Noriaki discovers that the professor was not Akiko’s grandfather and predictably beats his fiancée. She calls Takashi, who drives back into Tokyo to rescue her. Has he become her grandfather? Is the widower infatuated with the young woman who served his sexual wants? Has the lonely old man found a companion? Perhaps all of these: the mystery of relationships.

As the professor tends to Akiko’s bruised face, Noriaki comes up the stairs shouting. He pounds on the apartment door, interrupting the professor’s compassionate care. Having failed to gain entry, the enraged lover retreats to the street and creates a scene, screaming up at the professor’s window and accusing him of lying. In fact the professor never lied, and to our knowledge he may be innocent of the sexual encounter of which Noriaki accuses him.

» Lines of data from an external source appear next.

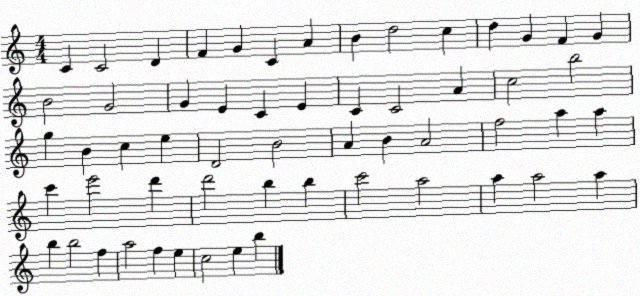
X:1
T:Untitled
M:4/4
L:1/4
K:C
C C2 D F G C A B d2 c d G F G B2 G2 G E C E C C2 A c2 b2 g B c e D2 B2 A B A2 f2 a a c' e'2 d' d'2 b b c'2 a2 a a2 a b b2 f a2 f e c2 e b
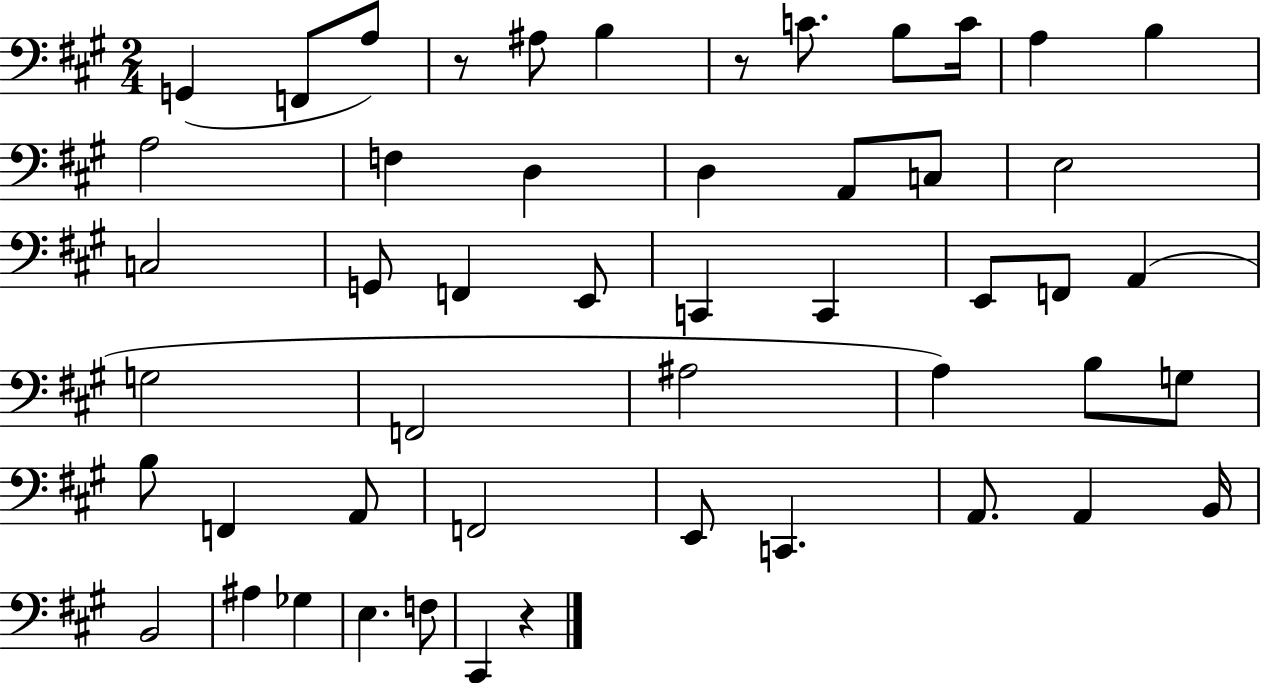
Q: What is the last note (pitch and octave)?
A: C#2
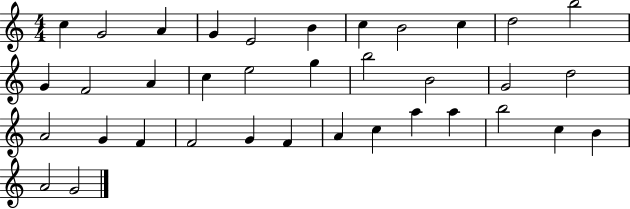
C5/q G4/h A4/q G4/q E4/h B4/q C5/q B4/h C5/q D5/h B5/h G4/q F4/h A4/q C5/q E5/h G5/q B5/h B4/h G4/h D5/h A4/h G4/q F4/q F4/h G4/q F4/q A4/q C5/q A5/q A5/q B5/h C5/q B4/q A4/h G4/h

There is a brief moment of silence as the professor looks out the window hoping the coast is clear. Then again we hear the scream, “liar,” and a rock comes crashing through the window. The credits roll. We can suppose that however the professor imagined his relationship to Akiko, all that has changed. So, perhaps, has his peaceful existence as a retired scholar. But Kiarostami refuses to tell us how it all turns out. Like Someone in Love ends not with questions but with a take-it-or-leave-it demand that we finish the movie ourselves. I am not sure whether that is art or a failure of imagination.